Please participate in class by asking questions when you do not understand something. Invariably other students benefit from these questions. Please engage in discussions, and please engage with the class, generally. I find it easier to give good lectures when students are asking questions, and engaging with the material.

Academic Integrity: Cheating is not acceptable and will not be tolerated. Consider this: in subtle ways, cheating to get a better grade on an exam can result in lowering the grades of some of your classmates. Certainly this is true when a specific curve is used to assign grades. Even when I don't use curves explicitly, they can be implicit in decisions about writing and grading exams. As required by the policy of American University, I will report all suspected cases of cheating to the Dean's office who will proceed to investigate and adjudicate the issues. Cheating is giving or receiving unauthorized assistance on exams, from other students or other people. When inappropriate copying between students is caught, both parties may be culpable. You can get help on homework from other students, but you must write up the work yourself, and the work must reflect your own understanding of the material.

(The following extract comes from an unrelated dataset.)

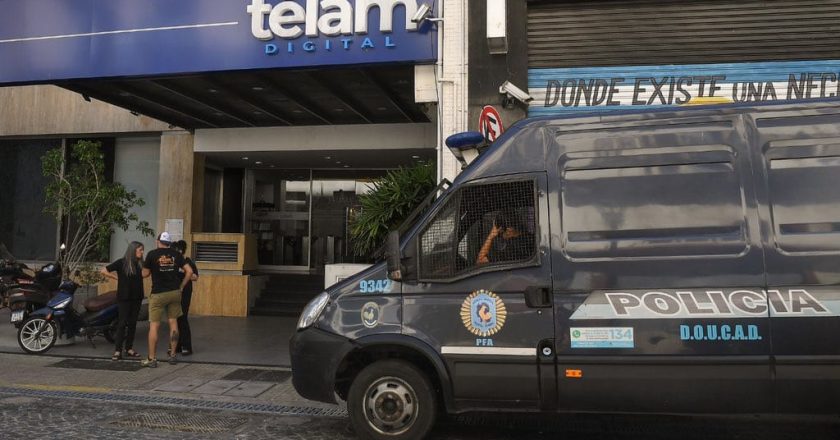 El Gobierno envió policías a las puertas de los medios públicos nacionales: «No puede dejar de leerse como una intimidación y representa una amenaza para la libertad de expresión»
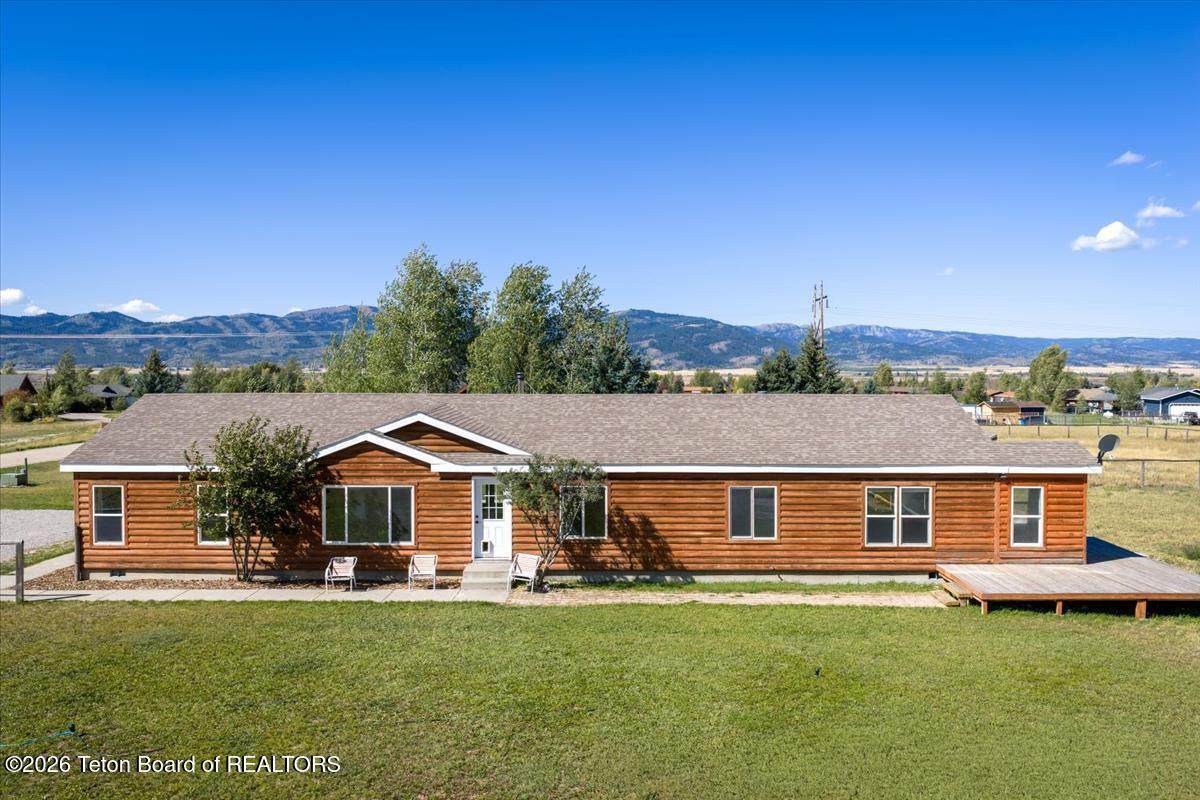 https://bt-photos.global.ssl.fastly.net/teton/orig_boomver_1_26-2405-2.jpg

Public Service Announcement: A representative of AU's Students Against Sexual Violence (SASV) approached me and asked me to include on my syllabi a list of resources available for survivors of sexual assault and their friends. While sexual violence is by no means the only challenge faced by students, I agree that this issue merits particular attention, so I am honoring her request by attaching the list she gave me:

Sexual Assault Resources

  • It’s never the survivor’s fault. There are many people you can talk to if you or someone you care about has been sexually assaulted:
  • AU's Sexual Assault Prevention Coordinator Daniel Rappaport (rappapor@american.edu)
  • AU's Coordinator for Victim Advocacy Sara Yzaguirre (sarayza@american.edu)
  • DC SANE Program (Sexual Assault Nurse Examiner) 1-800-641-4028
  • The only hospital in DC area that gives Physical Evidence Recover Kits (rape kits) is Medstar Washington Hospital
  • DC Rape Crisis Center: 202-333-7273
  • Students found responsible for sexual misconduct can be sanctioned with penalties that include suspension or expulsion from American University, and they may be subject to criminal charges
  • If you want to submit a formal complaint against someone who has sexually assaulted you, harassed you, or discriminated against you based on your gender identity or sexual orientation, you can do so online at http://www.american.edu/ocl/dos/, or contact the Dean of Students at dos@american.edu or 202-885-3300. These are Title IX violations, and universities are legally required to prohibit these actions.
  • Resources on campus that are required to keep what you tell them confidential are Daniel Rappaport, Sara Yzaguirre, ordained chaplains in Kay, and counselors at the counseling center. (OASIS may also belong here but it didn't exist when this list was created.)